Cuma namazına gelenlerin, camiye girmeden önce ateşleri ölçülüyor (Reuters)
Cuma namazına gelenlerin, camiye girmeden önce ateşleri ölçülüyor (Reuters)
TT

Ürdün'de koronavirüs yasakları geri döndü

Cuma namazına gelenlerin, camiye girmeden önce ateşleri ölçülüyor (Reuters)
Cuma namazına gelenlerin, camiye girmeden önce ateşleri ölçülüyor (Reuters)

Ürdün'de, Mart ayı sonuna kadar zirveye ulaşması öngörülen yeni tip koronavirüs (Kovid-19) salgınına bağlı olarak, daha önce görülmemiş sayılarda vaka ve ölümlerin kaydedilmesi sonucu ‘kontrolün kaybedilmesinden’ endişe edilerek, vatandaşların hareketini kısıtlayan, eğitimi aksatan ve sektörleri kapatan kapsamlı yasaklama kararlarına geri dönüldü.
Ürdün hükümeti, okullarda ve üniversitelerde yüz yüze eğitimi askıya almaya yönelik kararlar alırken, Ramazan ayı ve iftar saatlerinde yaygın olarak ihtiyati tedbirlerin gözlemlenecek olması ile işyerleri için 18.00’den, bireyler için 19.00’dan itibaren sokağa çıkma yasağının başlayacak şekilde yasak saatlerinin artırılacağını açıkladı. Yetkililer, hükümetin, toplu taşıma araçlarının koltuk kapasitesini azaltılması, cami ve kiliselerin kapatılması, kamu sektöründe çalışanların çalışma saatlerinin azaltılması gibi önlemler almaya da giderek yaklaştığını ifade etti.
Yetkililer, iki milyon aşı temin edilmesi sözü verilmesi ve tedarikçi şirketlerle sözleşme yapılmasının ardından, hükümetin Mart ayı süresince aşıların temin edilmesi konusunda sessizliğini garipsediler.

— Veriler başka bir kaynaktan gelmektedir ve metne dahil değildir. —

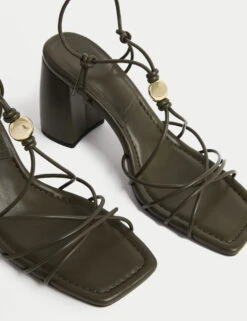 Beaded Trim Buckle Strappy Block Heel Sandals -M&S Beaded Trim Buckle Strappy Block Heel Sandals 2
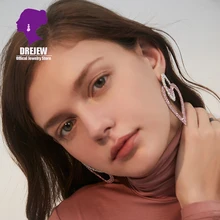 DREJEW, большая роза, красные, зеленые Стразы, серьги в форме сердца, высокая уличная мода, 925 сплав, серьги-гвоздики, женские свадебные ювелирные изделия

Diğer yandan sağlık yetkilileri, aşı uygulama platformuna kaydolan vatandaşlarının sayılarının azlığı sebebiyle memnuniyetsizliklerini dile getirdiler. Resmi rakamlara göre, 500 bine yakın vatandaş ve sakin aşı yaptırmak üzere internet üzerinden yapılan devlet destekli platforma kayıt yaptırırken, bu kişilerden sadece 60 bini aşı oldu.

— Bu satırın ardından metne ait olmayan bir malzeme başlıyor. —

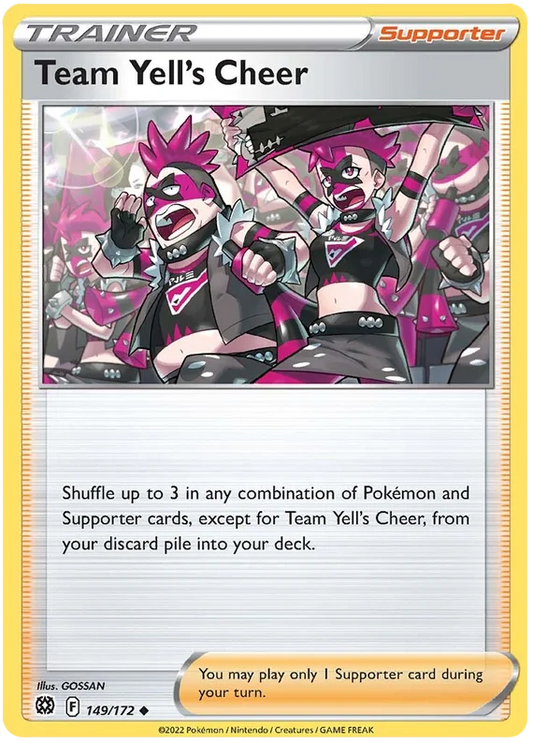 Team Yell's Cheer 149/172 common Supporter kaart uit Pokémon Brilliant Stars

Kapsamlı yasak kararları, okulların ve üniversitelerin aksaması ve ekonomik sektörlerin kapatılmasından yaklaşık bir yıl sonra, hükümet, sağlık yönetiminde net bir şekilde görülen başarısızlık ve Sağlık Bakanı, Ulusal Epidemiyoloji Komitesi ve Salgın Durum Değerlendirme Kurulu’nun çelişkili açıklamaları sebebiyle katı kararlara geri döndü. Daha önce bu çelişkili açıklamalar sebebiyle, ekonomi sektörleri de şikâyetlerini dile getirmişlerdi.
Kısıtlamaların geri dönmesi ile milletvekili Halil Atiyye, Çarşamba günü gerçekleştirilen Ürdün Parlamentosu oturumunda, her hafta Cuma günü ele alınan kapsamlı yasakların ülkeye maliyetini gündeme getirdi.

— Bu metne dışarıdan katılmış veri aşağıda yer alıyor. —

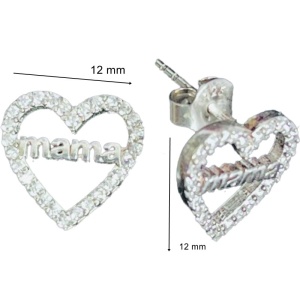 Cercei din Argint 925 Jolie Silver, Model Inimi cu Mama, 12 x 12 mm, 2.8 g - Img 2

Aynı oturumda, Ürdün Sağlık Bakanı Nazir Obeidat milletvekilleri tarafından soru yağmuruna tutuldu. Sağlık Bakanı aşı üreticilerinin koşullarına ilişkin cevaplar verdi ve Mart ve Nisan aylarında aşıların teslim alınacağı ihtimalini dile getirdi. Bakan, yaptığı diğer açıklamalarda, ihtiyati tedbirlere riayet edilmemesi, özel hastanelerin koronavirüs vakalarını kabul etmemesi gibi sorunların devam etmesi durumunda işlerin kontrolden çıkacağı konusunda uyarıda bulundu.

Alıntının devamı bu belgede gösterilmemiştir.